Dan secepat mereka bermunculan, secepat itu pula bergerak mengurung Malaikat Jari Besi dan Saratoga. Jelas, kalau mereka sudah terbiasa dengan perbuatan seperti itu.
"Ambil posisi saling melindungi, Saratoga," bisik Malaikat Jari Besi.

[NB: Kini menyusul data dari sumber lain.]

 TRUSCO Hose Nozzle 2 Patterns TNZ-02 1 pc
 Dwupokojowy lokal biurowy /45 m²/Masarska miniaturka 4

Saratoga mengerti maksud ucapan rekannya. Maka, dia pun bergerak ke belakang Malaikat Jari Besi. Kini, kedua orang itu mengambil posisi saling membelakangi. Punggung Malaikat Jari Besi dan Saratoga saling beradu satu sama lain.
"Dugaanku ternyata benar, Saratoga. Kita berhadapan dengan orang-orang yang terbiasa makan daging manusia...," jelas Malaikat Jari Besi sambil mengedarkan pandangan ke sekeliling.
Di sekeliling Malaikat Jari Besi dan Saratoga, tampak belasan orang yang bertubuh rata-rata kekar dan bertelanjang dada. Wajah dan sekujur tubuh mereka penuh coreng-moreng. Penutup tubuh berbentuk rumbai-rumbai bertengger di bagian bawah tubuh mereka. Jelas kalau mereka adalah kelompok manusia terasing yang terpisah dari manusia umumnya.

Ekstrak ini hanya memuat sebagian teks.